Audio By Carbonatix
Business executive and public intellectual Yaw Nsarkoh, has called on African leaders to fundamentally rethink how “human capital” is defined and deployed in the continent’s development agenda, warning that current approaches risk entrenching elite-driven growth while leaving the majority behind.
Speaking on December 17 at a high-level summit in Accra themed “Building a New United Africa”, Nsarkoh questioned whether policymakers genuinely include workers, peasants and informal-sector participants when they speak about human capital, or whether the concept has been reduced to a narrow focus on professionals and elites.
“The way human capital is used in policy spaces betrays an elite consensus,” Nsarkoh argued, asking whether this exclusion was itself one of Africa’s deepest structural problems.

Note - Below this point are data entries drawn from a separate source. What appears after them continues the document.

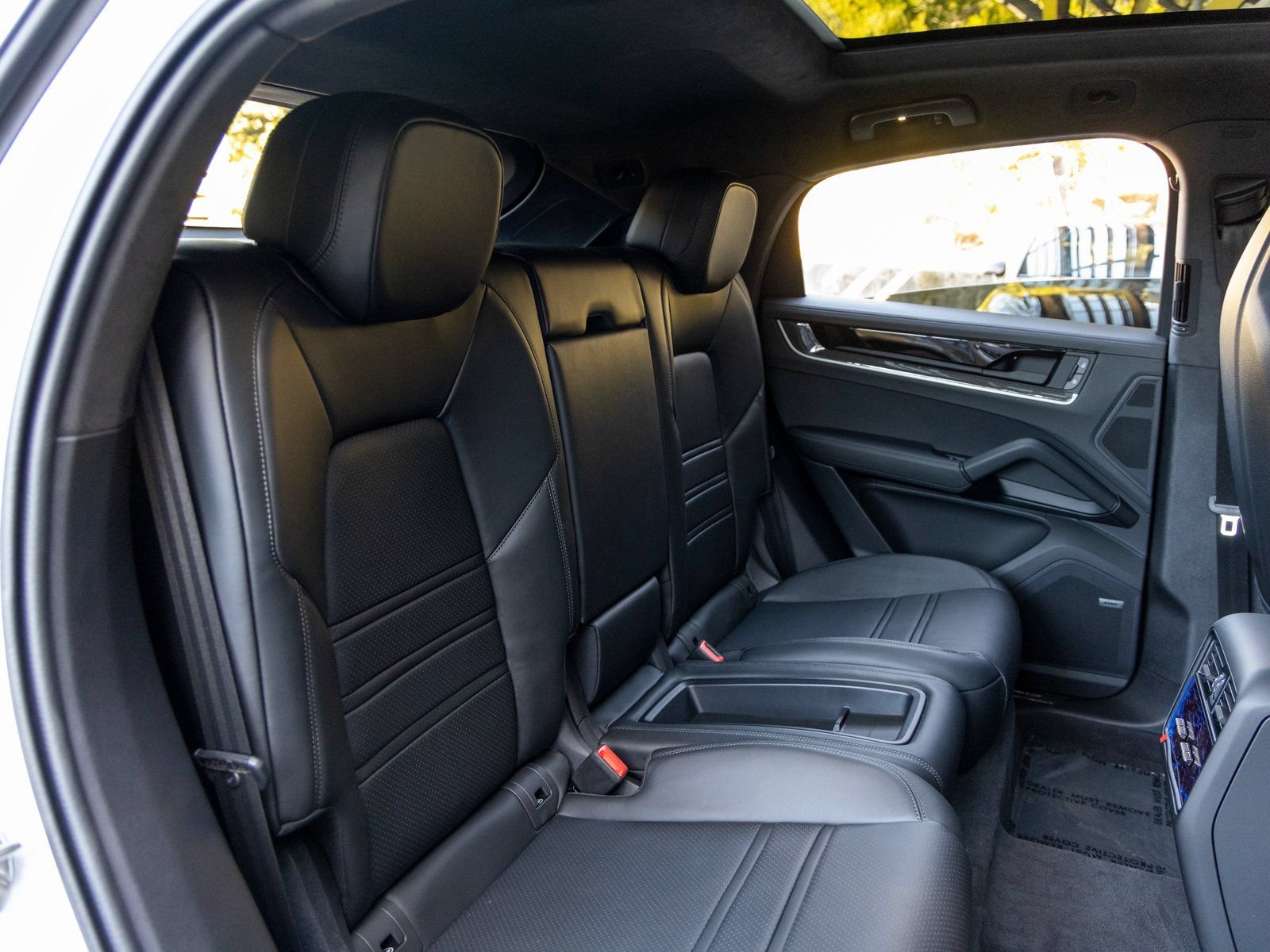 New 2025 Porsche Cayenne Turbo AWD/4WD image 51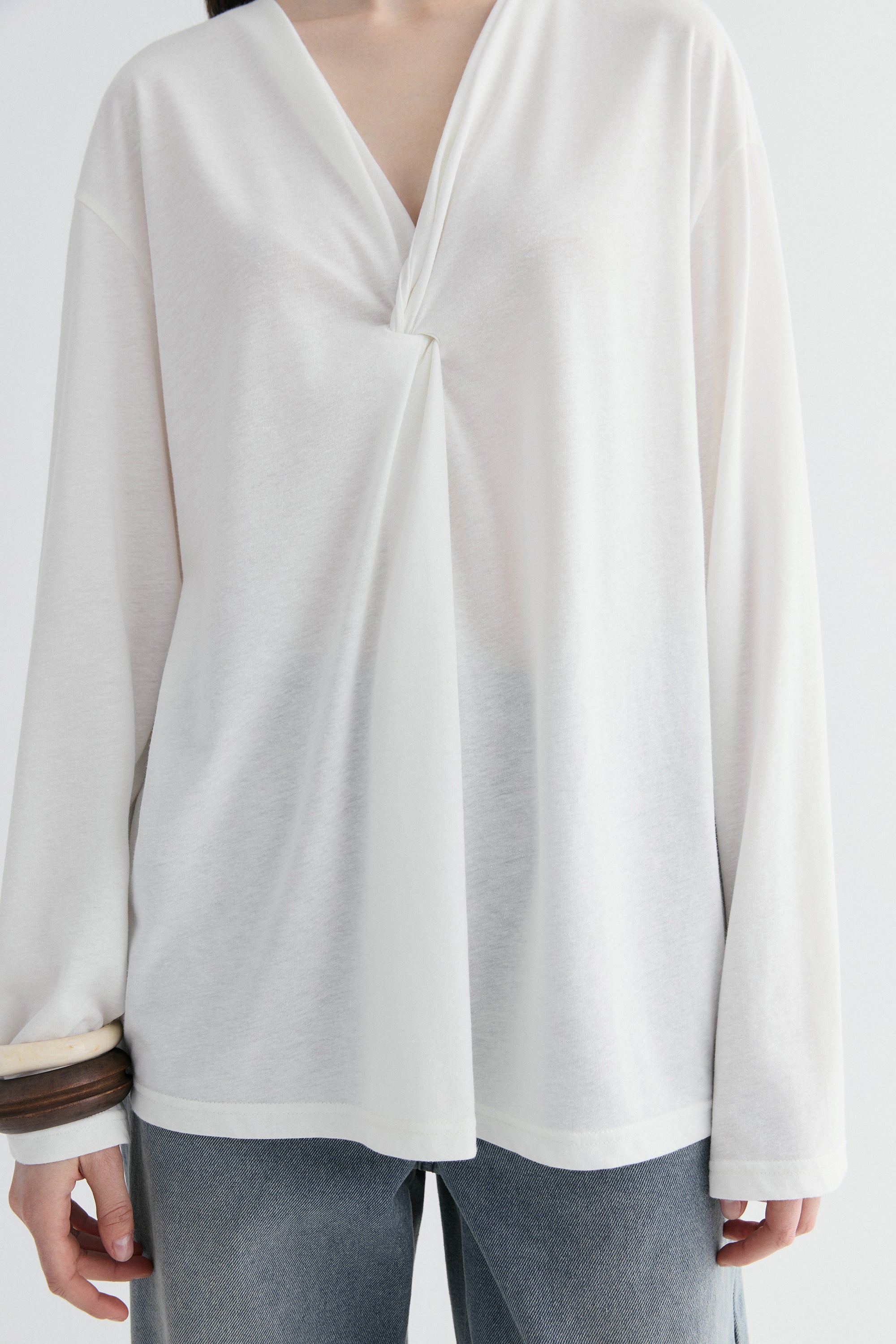 #color_off white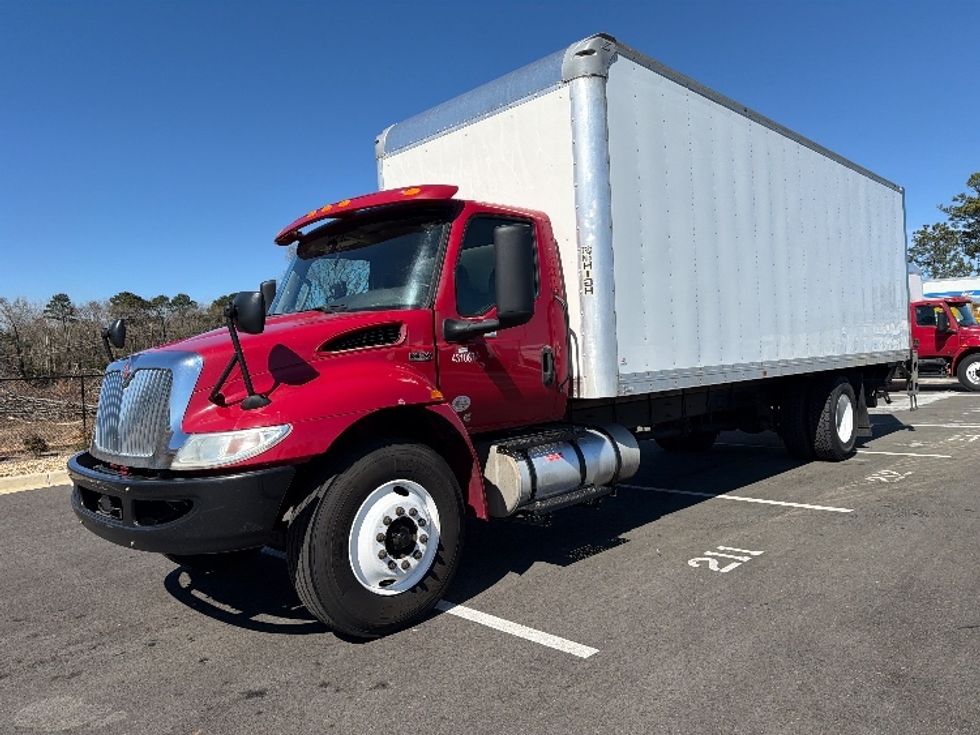 Medium Duty Box Truck-Light and Medium Duty Trucks-International-2022-MV607-Shreveport-LA-422,650\n\t\tmiles-$ 25,000 - Image 3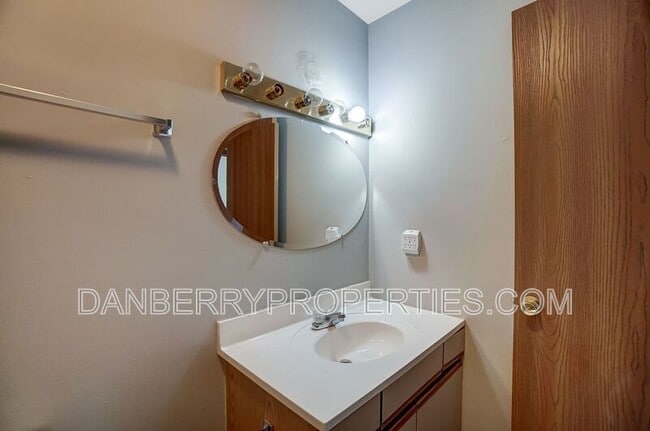 Building Photo - 3540 Willow Run Dr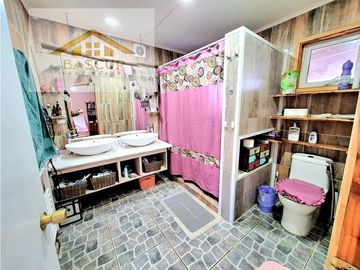 SE VENDE MARAVILLOSA PARCELA UBICADA EN CAYUMAPU VALDIVIA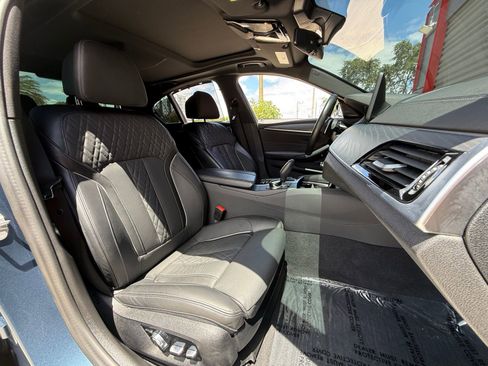 Used 2023 BMW M550i xDrive w/ Executive Package AWD/4WD image 20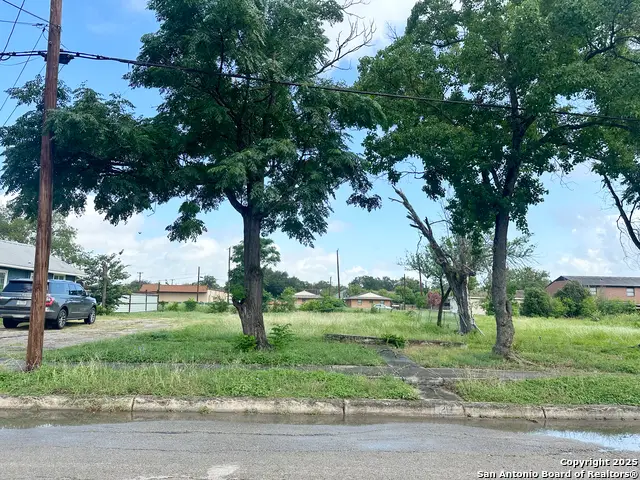 213 E Lindbergh Blvd, Universal City, TX 78148 - #1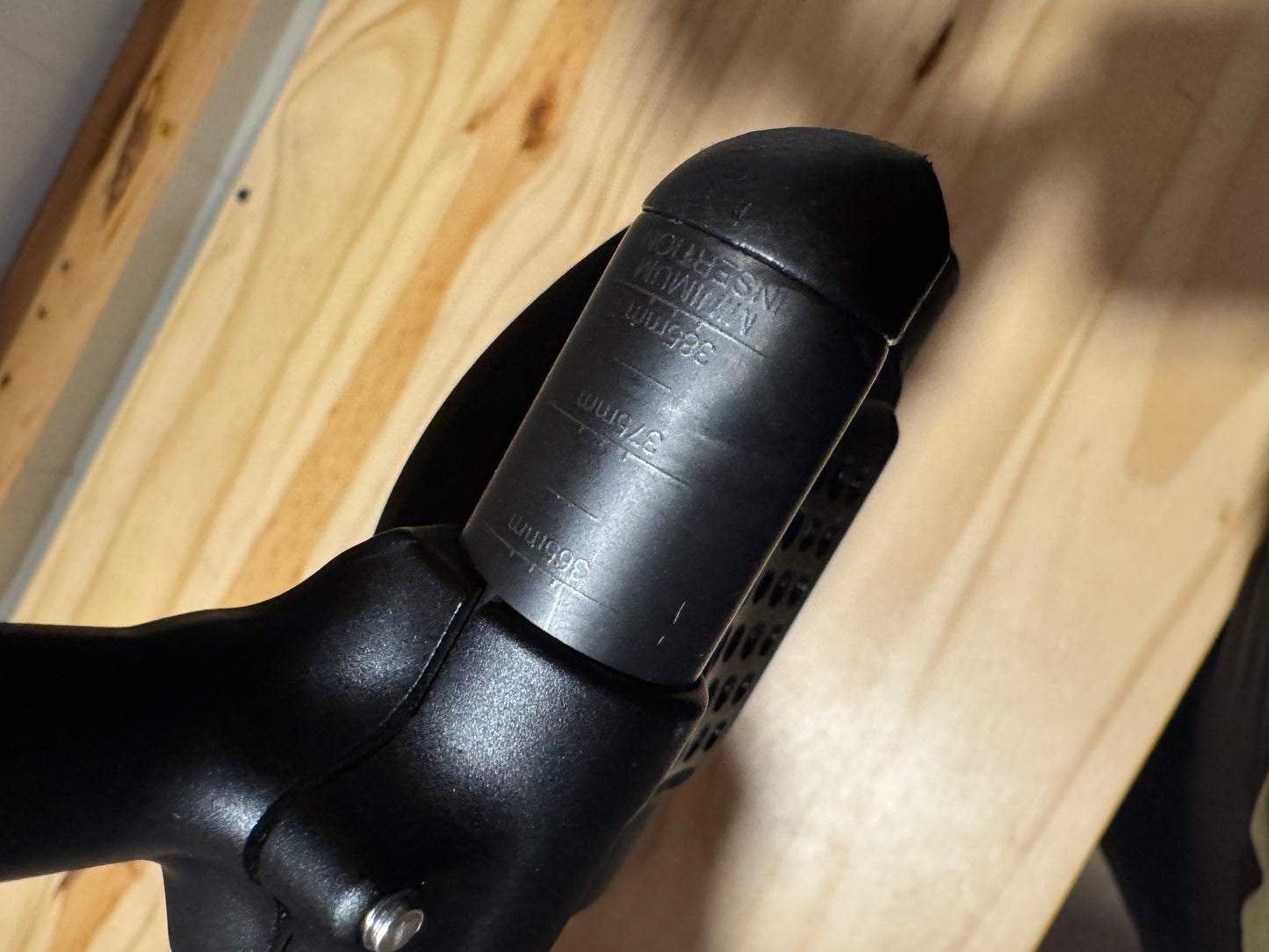 Vision tfa 385mm aero bars, extension bridge and arm rests.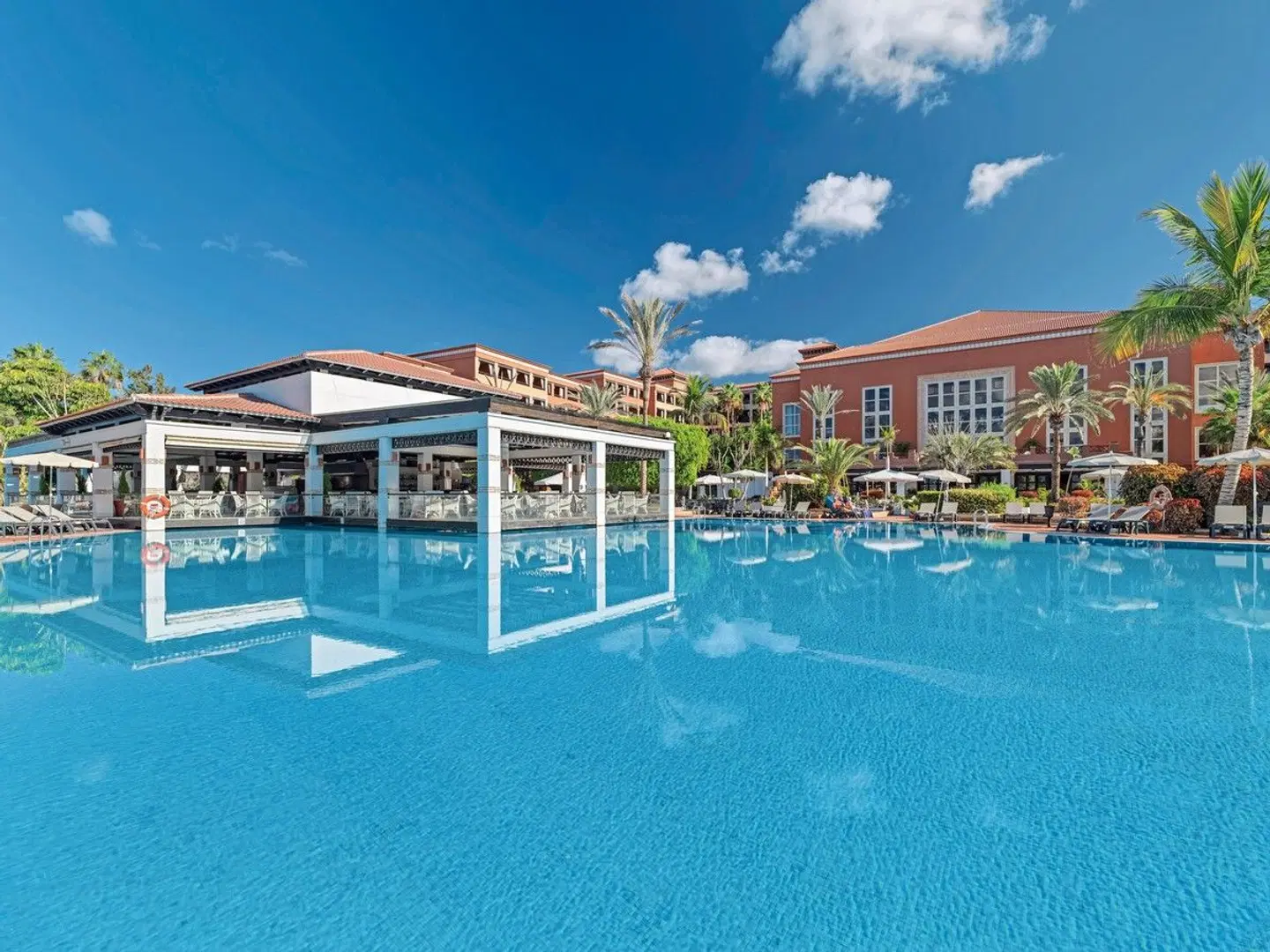 H10 Costa Adeje Palace OUTDOOR_POOL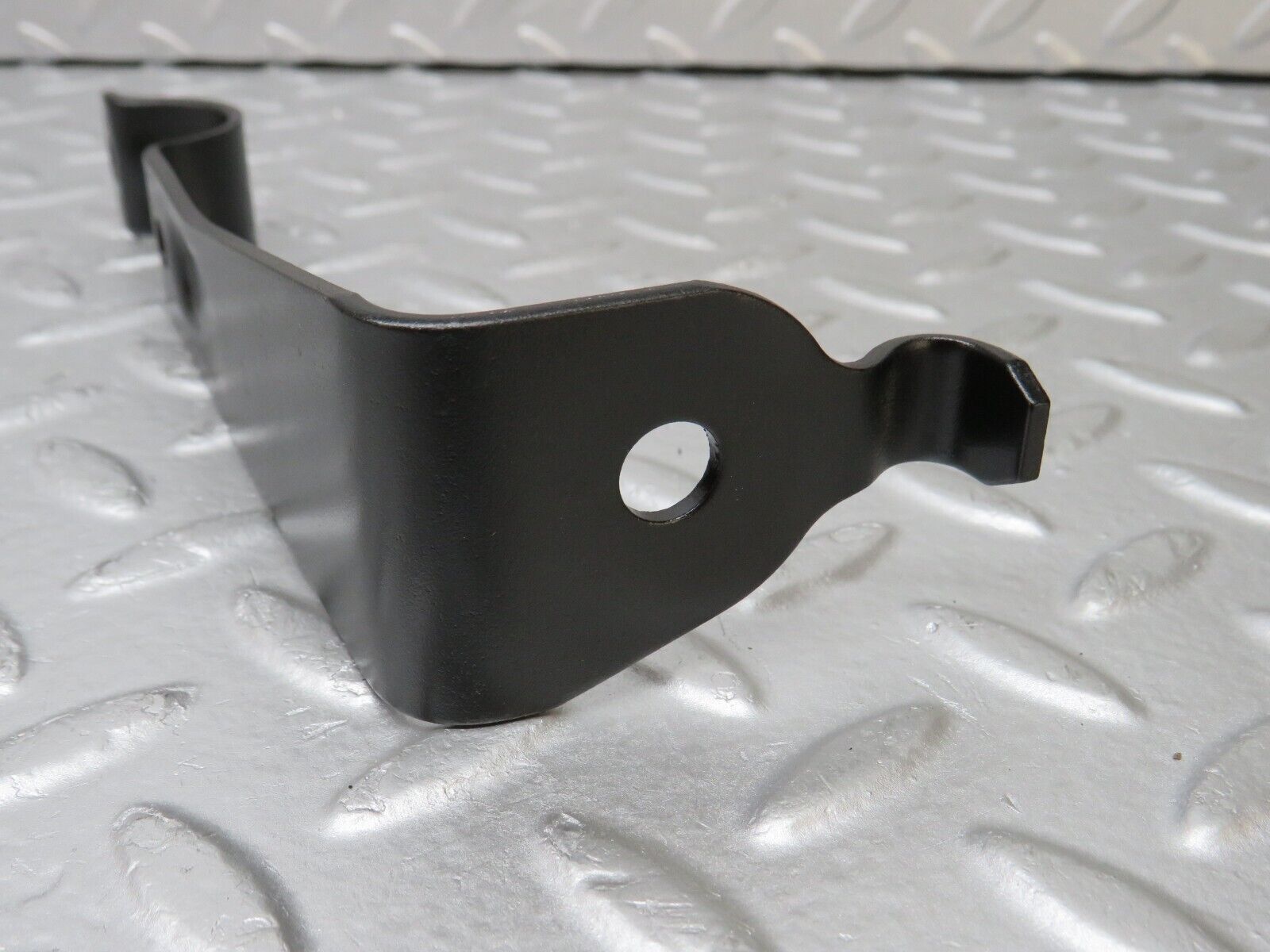 36782 Mercedes-Benz W201 190E 2.0L Front Axle Bracket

Addressing the African Union’s Agenda 2063 and the African Continental Free Trade Area (AfCFTA), Nsarkoh described Africa’s long-term vision as ambitious but weak on execution, arguing that unity must be treated as a means to improve livelihoods, not an end in itself.
He challenged leaders to confront uncomfortable questions about governance, corruption and institutional capacity, noting that what he described as “Santa Claus democracies” across the continent had failed to deliver material improvements in people’s lives, contributing to democratic backsliding and renewed military coups.

Nsarkoh warned that Africa’s development debate remains trapped in outdated orthodoxies, including neoliberal reforms of the 1980s and 1990s, which he said had failed to build strong public institutions or inclusive economies.
He called for major educational reforms, a renewed focus on vocational and agricultural capabilities, and a move towards people-centred development models grounded in Africa’s lived realities.
He also urged African leaders to better read global geopolitical shifts, pointing out that Africa continues to export largely unprocessed commodities while failing to build value-added trade links with emerging regions such as ASEAN and Latin America.
According to Nsarkoh, the true measure of progress lies not in GDP growth but in improvements in well-being, echoing the work of economists Joseph Stiglitz and Amartya Sen. “If AfCFTA is only about numbers, it will fail. If it is about people, it will endure,” he said.